Reproduce, exactly and in full, the lines from the one with "Black & Decker" through the one with "Tula nosidlo ergonomiczne" in the data below; drop pictures.

→ Materials provided
◇ ◇ ◇
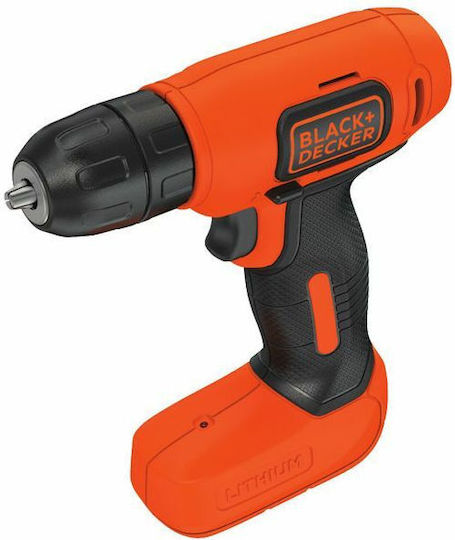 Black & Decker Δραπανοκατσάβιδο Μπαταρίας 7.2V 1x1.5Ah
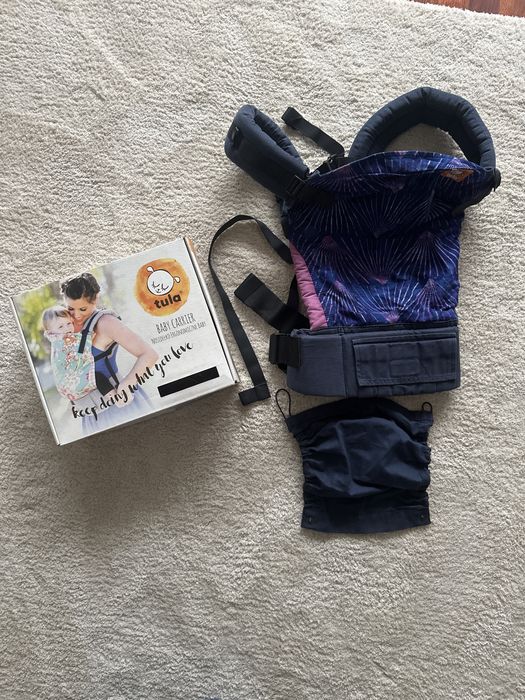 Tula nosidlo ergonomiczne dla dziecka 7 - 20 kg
◇ ◇ ◇
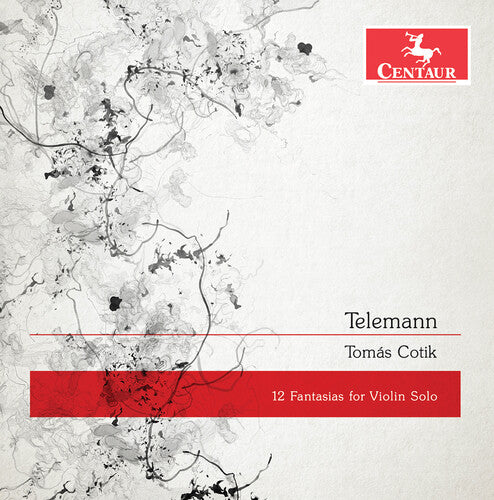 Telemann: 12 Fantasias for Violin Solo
◇ ◇ ◇
→ Result for this exercise
 Black & Decker Δραπανοκατσάβιδο Μπαταρίας 7.2V 1x1.5Ah
 Tula nosidlo ergonomiczne dla dziecka 7 - 20 kg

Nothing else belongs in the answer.